Formatting Data Properly - dummies

By Meta S. Brown

Humans use experience when they interpret the data they see, but computers can’t. Your data-mining software will do its best to identify the kind of data in each column, but data types are often ambiguous.

When you see a list of ZIP Codes, you don’t try to add and subtract them. You know that they represent places. You understand this because you have lots of experience seeing and recognizing ZIP Codes. A computer might interpret a ZIP Code as an integer or continuous measure. In the end, it’s up to you to define the proper format.
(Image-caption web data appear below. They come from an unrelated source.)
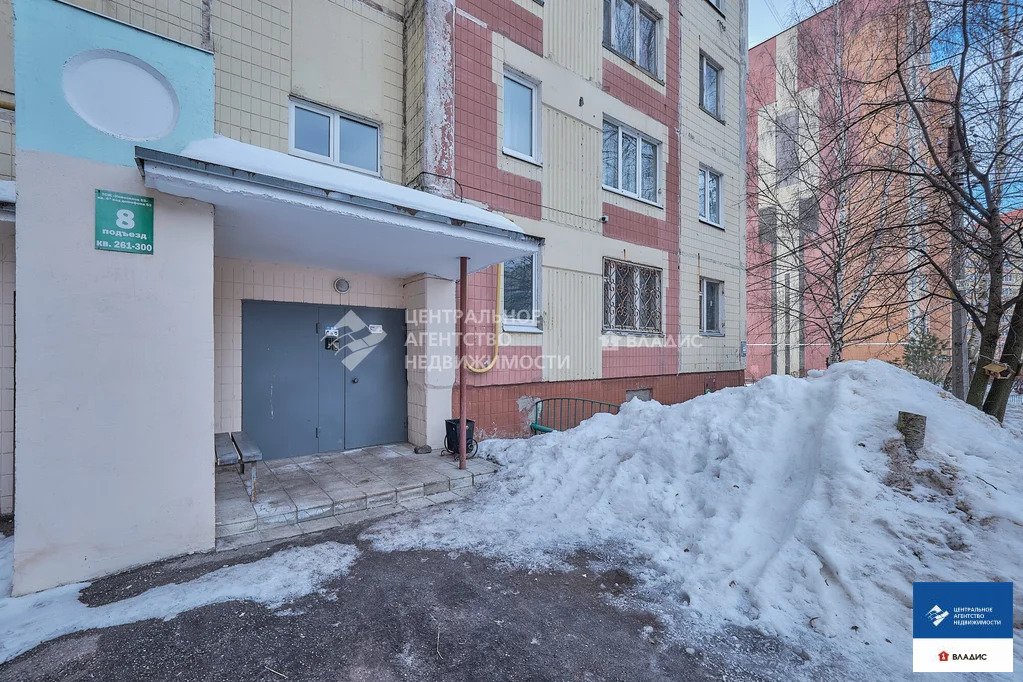 Продажа квартиры, Рязань, ул. Новоселов - Фото 14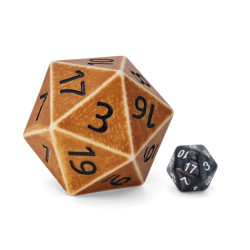 RPG Würfel Hexenhaus...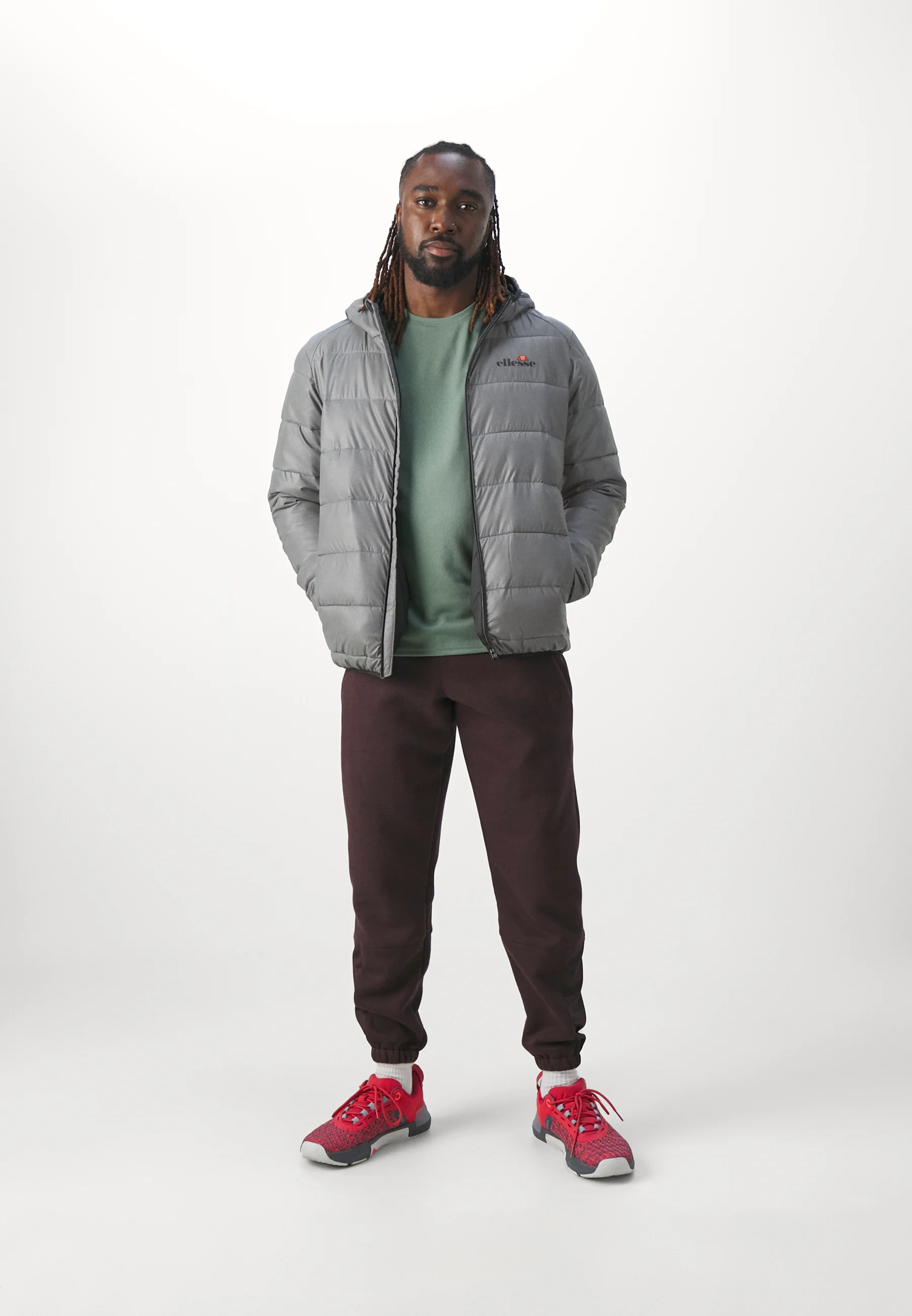 Ellesse VERMENTINO JACKET - Chaqueta de invierno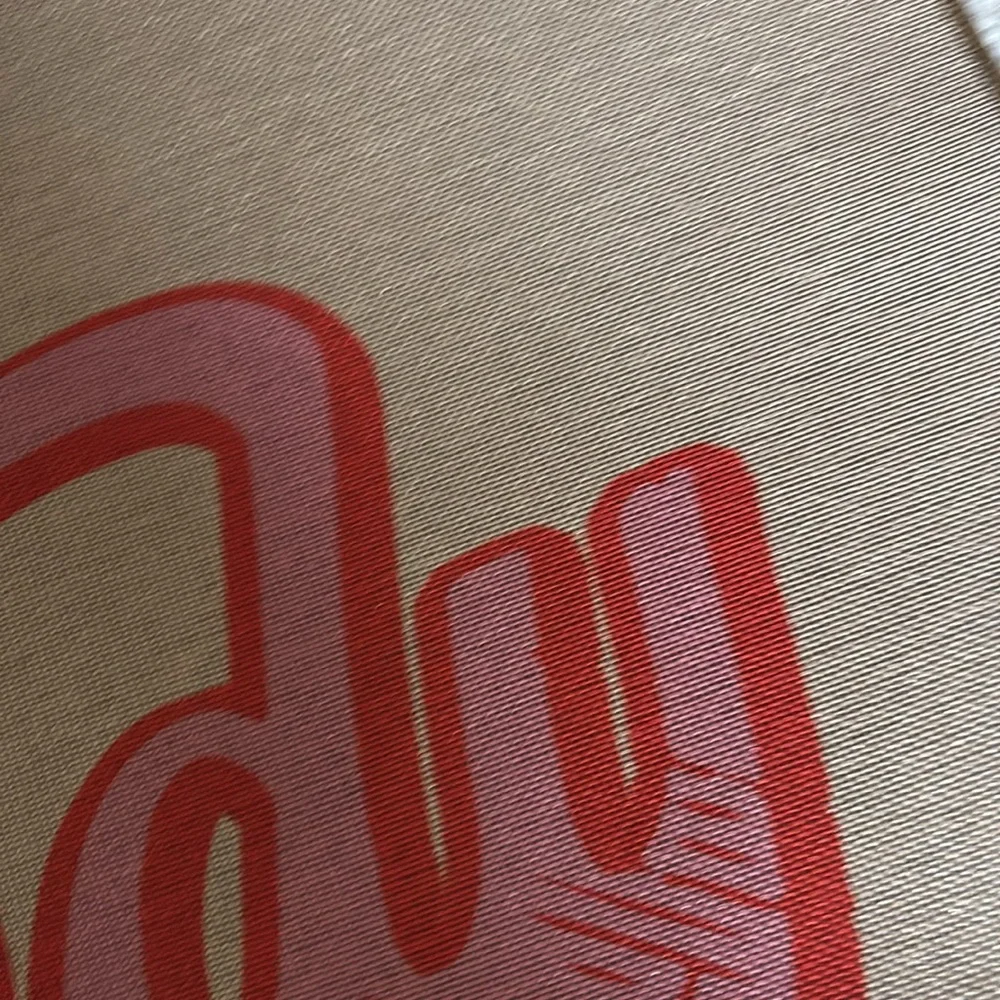 NWOT Howdy Doormat no slip backing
Functions for setting data formats and roles (such as denoting the dependent variable for modeling) can be buried within a variety of places in your data-mining application. You might define the formats and role of variables within a data file before you even open a data-mining application (the native data formats for Orange and Weka allow this), as part of the import or sometime later in the process.

image0.jpg

You may have tools built for this purpose, like the tools shown in the following figures, or you may define these properties within other procedures.

image1.jpg
image2.jpg

Each data-mining application has its own set of variable types and its own limits on how each type can be used. Some of these limits are based in theory. For example, you can only add and subtract numbers, not letters. But others may be just a matter of how the application was designed.

So, for example, you may find that a particular modeling tool in one application allows you to predict both categorical and continuous variables, but a similar tool in another application may allow modeling of only one or the other.